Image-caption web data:

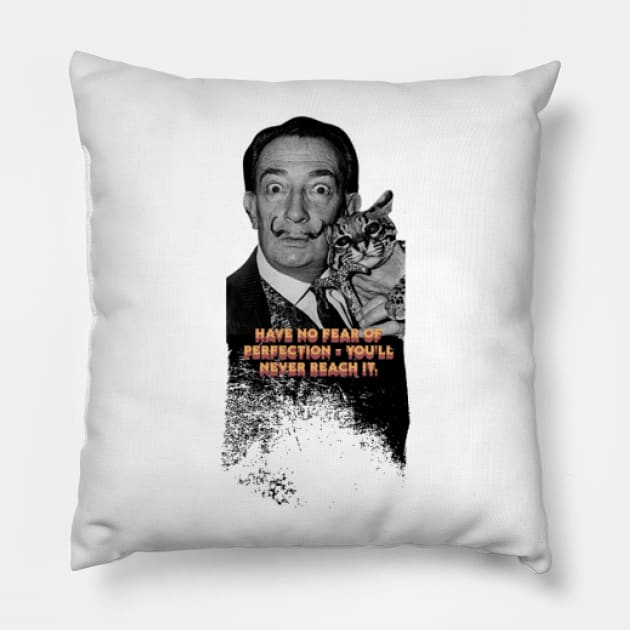 Quote for Salvador Dali, Have no fear of perfection - you&#39;ll never reach it. Pillow by KoumlisArt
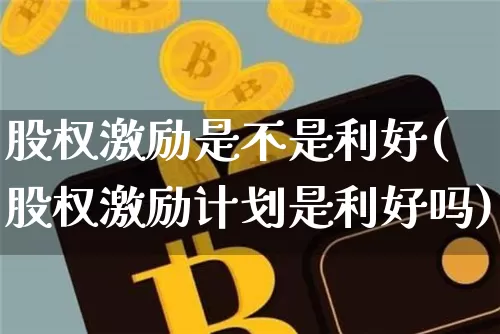 股权激励是不是利好(股权激励计划是利好吗)_https://www.czytfl.com_期货价格_第1张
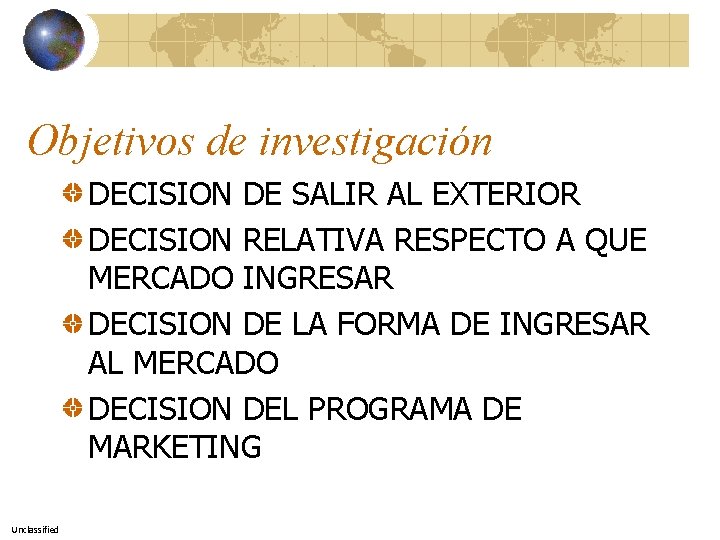 Objetivos de investigación DECISION DE SALIR AL EXTERIOR DECISION RELATIVA RESPECTO A QUE MERCADO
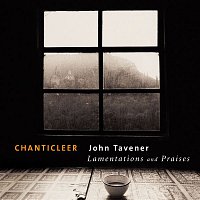 Chanticleer – Tavener : Lamentations & Praises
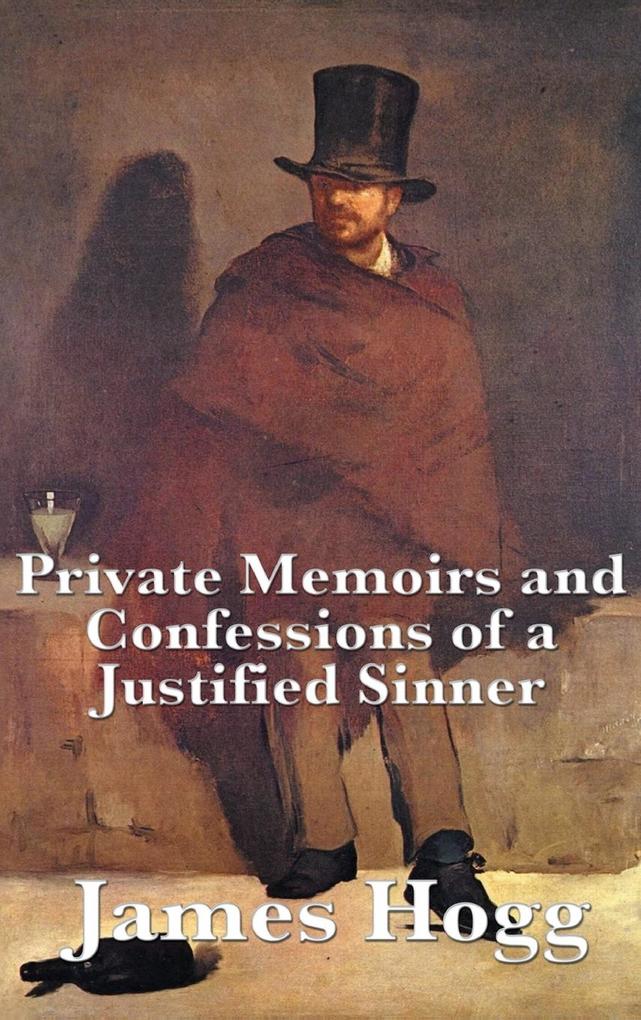 Produktbild: Private Memoirs and Confessions of a Justified Sinner | James Hogg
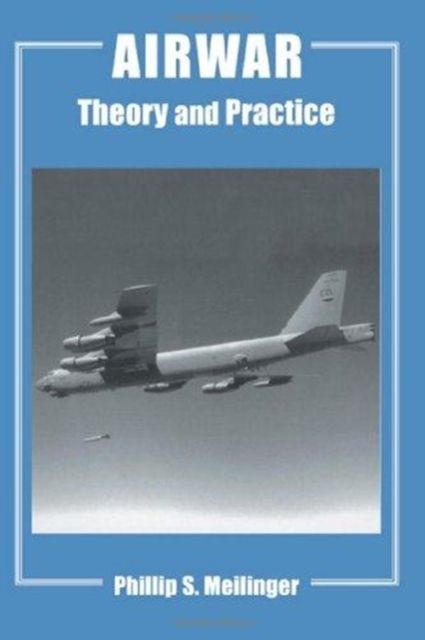Airwar : Essays on its Theory and Practice
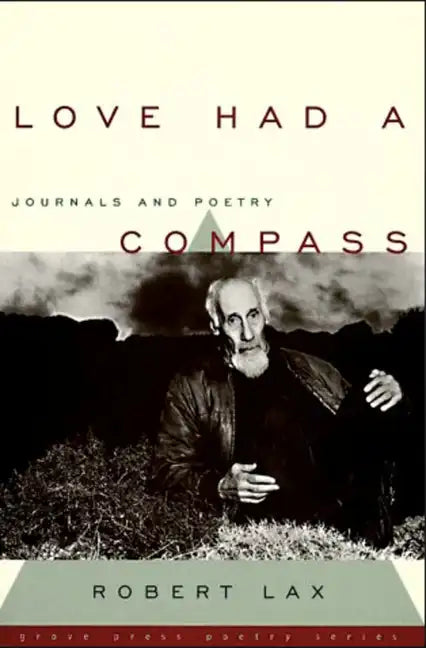 Love Had a Compass: Journals and Poetry - Paperback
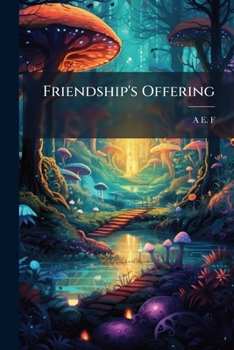 Friendship's Offering the Story of B. W. and Nicolettee (Classic Reprint)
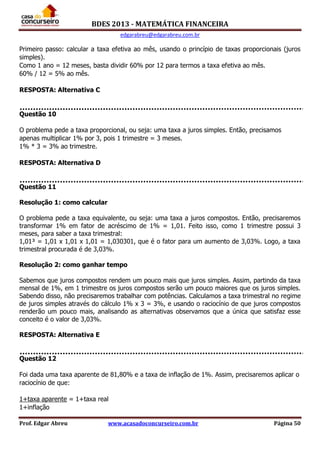 BDES 2013 - MATEMÁTICA FINANCEIRA
edgarabreu@edgarabreu.com.br
Prof. Edgar Abreu www.acasadoconcurseiro.com.br Página 50
Primeiro passo: calcular a taxa efetiva ao mês, usando o princípio de taxas proporcionais (juros
simples).
Como 1 ano = 12 meses, basta dividir 60% por 12 para termos a taxa efetiva ao mês.
60% / 12 = 5% ao mês.
RESPOSTA: Alternativa C
Questão 10
O problema pede a taxa proporcional, ou seja: uma taxa a juros simples. Então, precisamos
apenas multiplicar 1% por 3, pois 1 trimestre = 3 meses.
1% * 3 = 3% ao trimestre.
RESPOSTA: Alternativa D
Questão 11
Resolução 1: como calcular
O problema pede a taxa equivalente, ou seja: uma taxa a juros compostos. Então, precisaremos
transformar 1% em fator de acréscimo de 1% = 1,01. Feito isso, como 1 trimestre possui 3
meses, para saber a taxa trimestral:
1,01³ = 1,01 x 1,01 x 1,01 = 1,030301, que é o fator para um aumento de 3,03%. Logo, a taxa
trimestral procurada é de 3,03%.
Resolução 2: como ganhar tempo
Sabemos que juros compostos rendem um pouco mais que juros simples. Assim, partindo da taxa
mensal de 1%, em 1 trimestre os juros compostos serão um pouco maiores que os juros simples.
Sabendo disso, não precisaremos trabalhar com potências. Calculamos a taxa trimestral no regime
de juros simples através do cálculo 1% x 3 = 3%, e usando o raciocínio de que juros compostos
renderão um pouco mais, analisando as alternativas observamos que a única que satisfaz esse
conceito é o valor de 3,03%.
RESPOSTA: Alternativa E
Questão 12
Foi dada uma taxa aparente de 81,80% e a taxa de inflação de 1%. Assim, precisaremos aplicar o
raciocínio de que:
1+taxa aparente = 1+taxa real
1+inflação
 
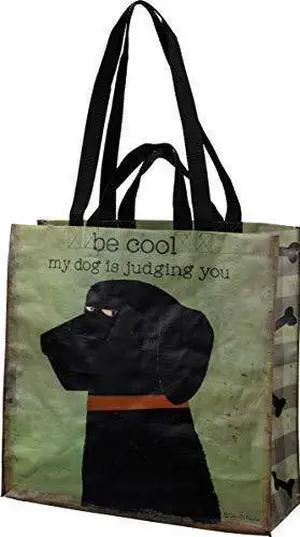 Primitives By Kathy Market Tote - Be Cool My Dog Is Judging You Primitives By Kathy Market Tote - Be Cool My Dog Is Judging You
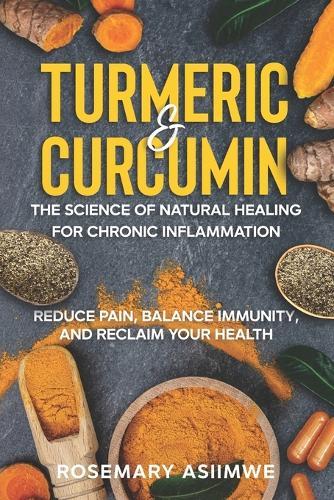 Turmeric & Curcumin: The Science of Natural Healing for Chronic Inflammation: Reduce Pain, Balance Immunity and Reclaim Your Health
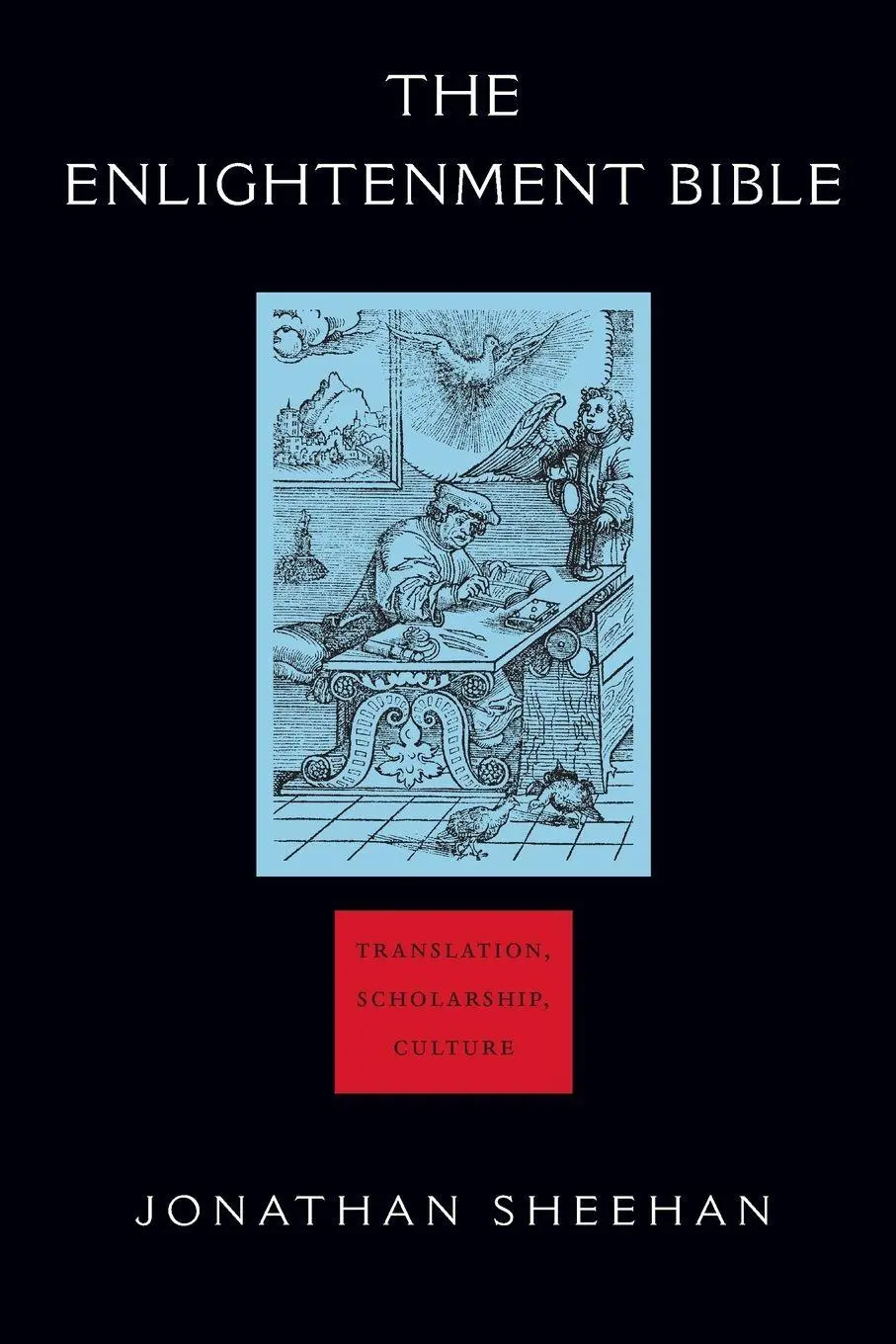 Cover: 9780691130699 | The Enlightenment Bible | Translation, Scholarship, Culture | Sheehan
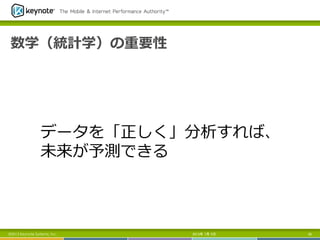 数学（統計学）の重要性
2013年 7月 5日 59©2013 Keynote Systems, Inc.
データを「正しく」分析すれば、
未来が予測できる
 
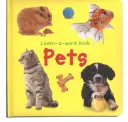 Learn-A-Word Picture Book: Pets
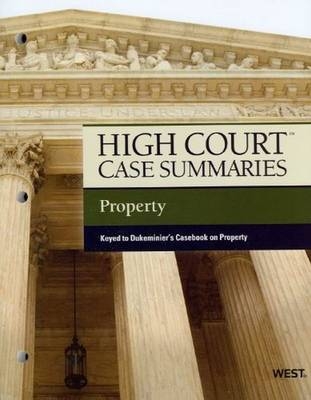 High Court Case Summaries on Property, Keyed to Dukeminier -  Academic West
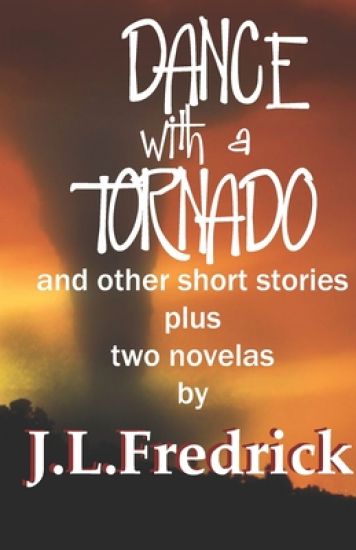 Dance With a Tornado: and other short stories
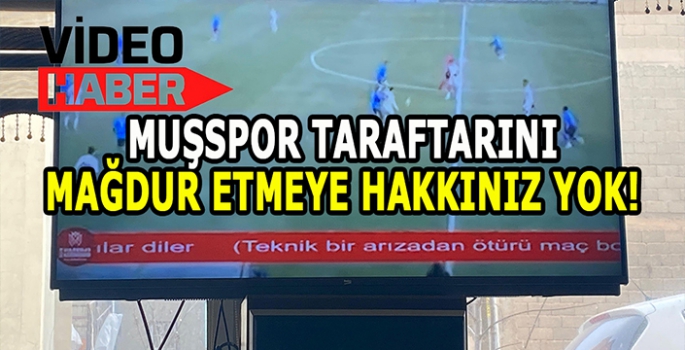 Her hafta aynı rezillik:  Muşspor taraftarını mağdur etmeye hakkınız yok!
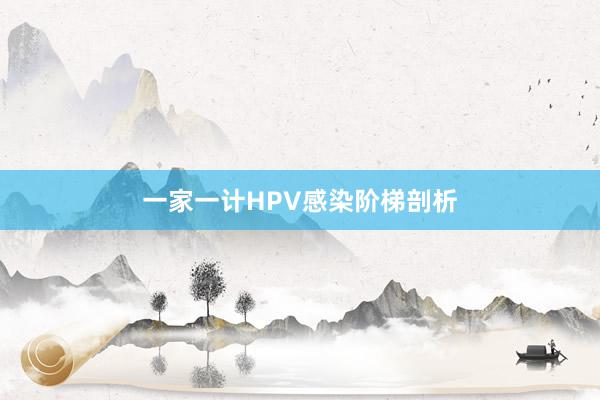 一家一计HPV感染阶梯剖析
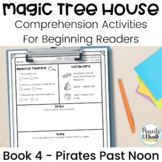 Magic Tree House Pirates Past Noon Differentiated Reading 
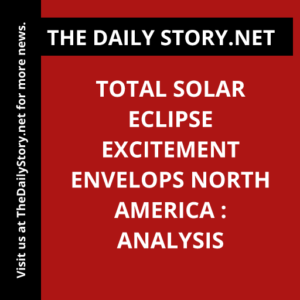 Total Solar Eclipse Excitement Envelops North America : Analysis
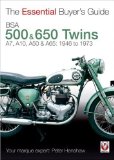 BSA 500 and 650 Twins: The Essential Buyer s Guide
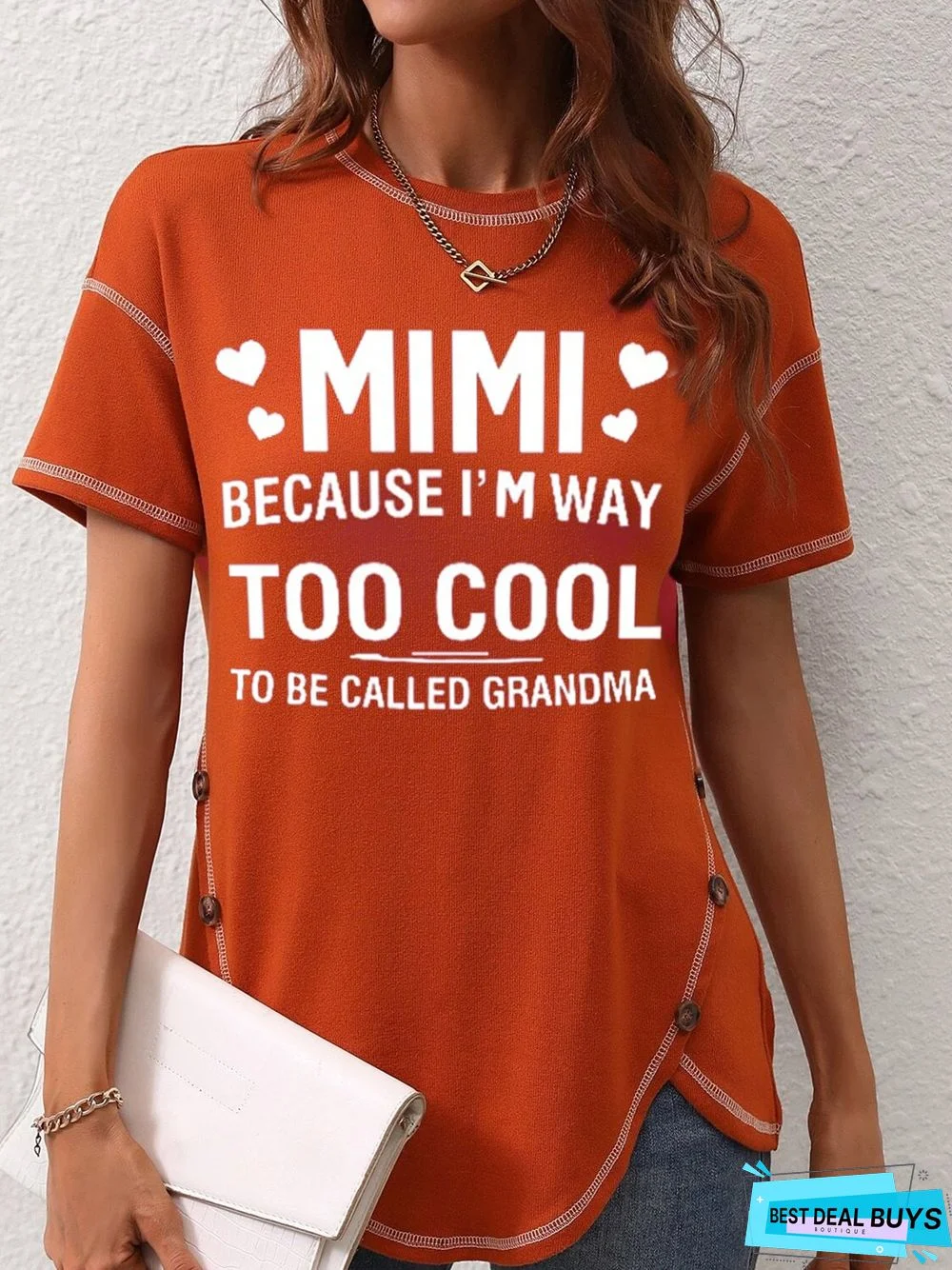 Women's MIMI Because I'M Way Too Cool To Be Called Grandma  Top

**TASK REQUIREMENTS**
Would you filter the records and copy each line that contains the word "taxa"?

**PROBLEM SOLUTION**
Primeiro passo: calcular a taxa efetiva ao mês, usando o princípio de taxas proporcionais (juros
Como 1 ano = 12 meses, basta dividir 60% por 12 para termos a taxa efetiva ao mês.
O problema pede a taxa proporcional, ou seja: uma taxa a juros simples. Então, precisamos
O problema pede a taxa equivalente, ou seja: uma taxa a juros compostos. Então, precisaremos
meses, para saber a taxa trimestral:
1,01³ = 1,01 x 1,01 x 1,01 = 1,030301, que é o fator para um aumento de 3,03%. Logo, a taxa
Sabemos que juros compostos rendem um pouco mais que juros simples. Assim, partindo da taxa
Sabendo disso, não precisaremos trabalhar com potências. Calculamos a taxa trimestral no regime
Foi dada uma taxa aparente de 81,80% e a taxa de inflação de 1%. Assim, precisaremos aplicar o
1+taxa aparente = 1+taxa real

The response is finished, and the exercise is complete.